お抹茶のお稽古は通常この部分稽古から始まります。
お抹茶の先生から最初に指導を受けたのは、帛紗(ふくさ)の扱い方でした。帛紗は棗(なつめ)や茶杓(ちゃしゃく)と言ったお道具を拭くものです。帛紗は絹で出来ていて、通常お点前をする時は帯に挟んでいます。お客になった場合は着物の懐(ふところ)に入れています。先生が用意して下さったのはオレンジ色に柄のついた帛紗でした。それと共に古帛紗を頂きました。古帛紗も抹茶碗を乗せたり、茶杓を拭いたり、乗せたりと様々に使います。私が頂いた古帛紗は柴山緞子(しばやまどんす)と言い、通常名物裂(めいぶつぎれ)でできています。お稽古の時は帛紗ばさみの中には、帛紗、古帛紗、懐子(かいし)を入れています。懐子の束には硫酸紙と黒文字(和菓子を切るもの)を挟んでおきます。
お稽古は帛紗のたたみ方を覚える事から始めます。次に棗(なつめ・薄茶の入った小さな茶入れ)の拭き方を習います。続いて茶杓の拭き方を習います。抹茶碗の中には茶巾(ちゃきん)を仕込んでおきますが、その茶巾のたたみ方を覚えます。この様にお道具の扱い一つ一つを取り出して習う事を部分稽古と言います。
そしてそれが全てできる様になると「盆点て」と言う基本となるお抹茶の点て方を習います。
煎茶道においても特殊なお道具があります。例えば煎茶では茶巾だけではなく茶托やお盆を拭く時に盆巾(ぼんきん)と呼ばれる布を使います。茶巾も盆巾もたたみ方が決まっていて部分稽古で習得します。
部分稽古はお茶の世界だけではありません。
ピアノを始めれば、曲を最初から最後までただ弾くだけでは上手くなりません。曲が難しくなればなるほど、必ず途中で引っ掛かる箇所が出てきます。そんな時はそこだけを集中的に練習します。そうすると曲全体を弾いた時に滑らかに曲想を表現する事が出来るのです。

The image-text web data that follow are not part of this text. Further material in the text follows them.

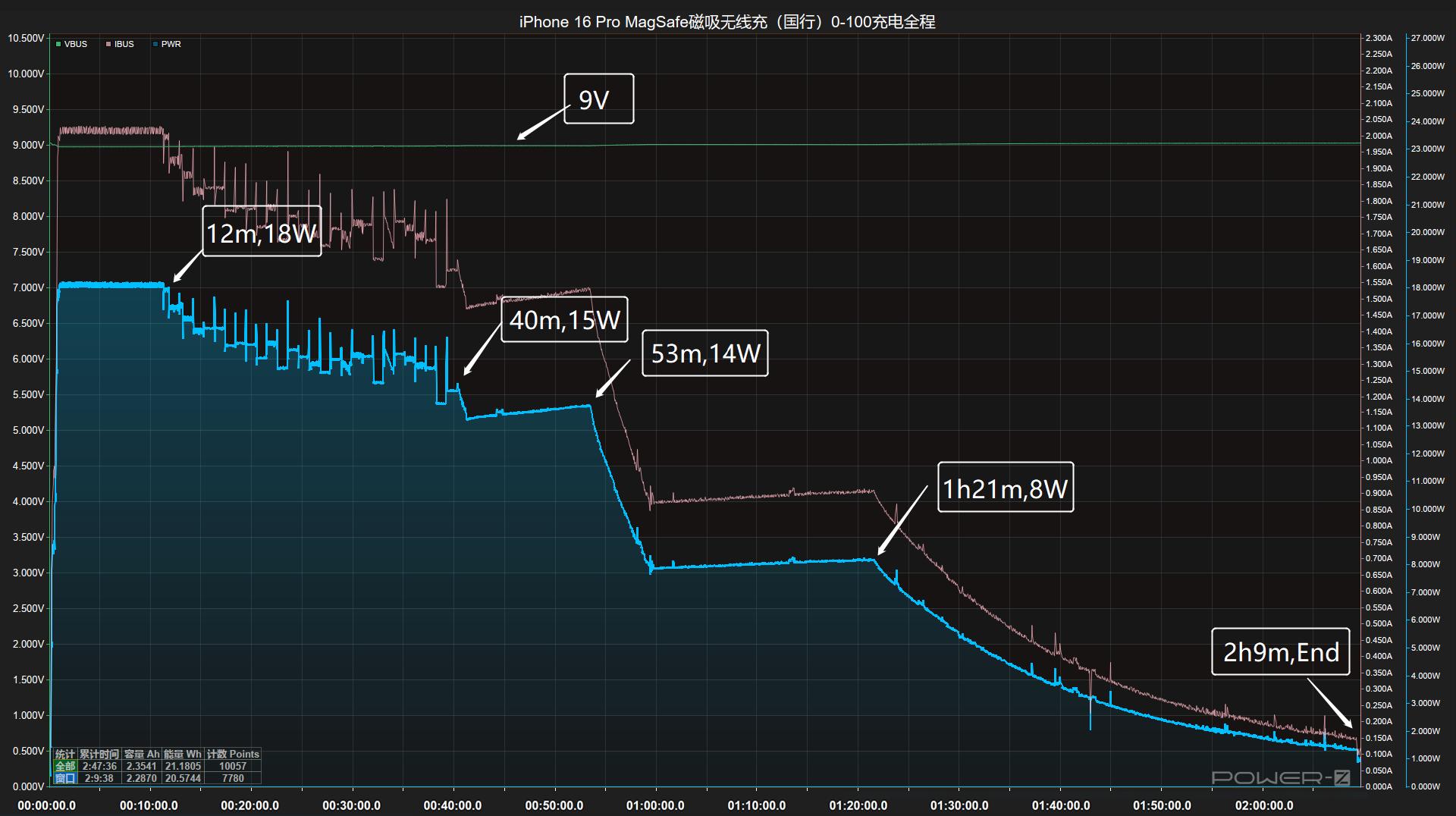 iPhone 16 Pro无线充电速度对比:25W与15W MagSafe仅快3分钟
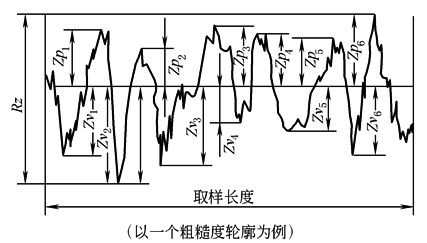 表面结构(4)表面轮廓参数术语及定义(图文教程),定义,参数,第3张 表面结构(4)表面轮廓参数术语及定义(图文教程),b2d4d3c,定义,参数,第3张
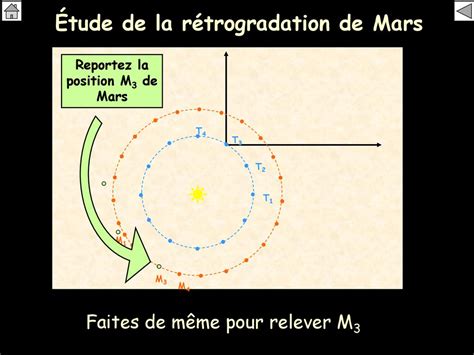 Tude De La R Trogradation De Mars Ppt T L Charger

実は私は5年程前からピアノを始めました。始めた理由はピアノを弾く事で脳を刺激し、物忘れの予防になると聞いたからです。小学生の頃ピアノを始めましたが、楽譜を読むのが苦手で挫折しました。今更とも思いましたが、良いと思う事には挑戦しようと意を決して始めました。楽譜は『ハノン』と『大人のためのクラシック』を使いました。しかし、3年ほど致しましたら、ちっとも面白くなくなりました。嫌になったのです。
ピアノが物忘れの予防になると言うのは本当です。練習前は「ええっ?」と聞き返す事が多かったのですが、それがすっかり無くなっていました。ですから、嫌いなどとは言ってられない理由がありました。好きなジャズだったらと考え、今は『ジャズ ベストヒット』と言うあまり難しくない楽譜に取り組んでいます。もちろん、なかなか上手くならずに部分稽古をしていますが、楽しく続けられています。
部分稽古は大切です。何でもそうだと思いますが、これは苦手と思う事は、そこだけを抜き出して最初はゆっくりそして何度もさらっていくうちに、いつの間にかそれだけではなく全体がスムーズに出来るようになります。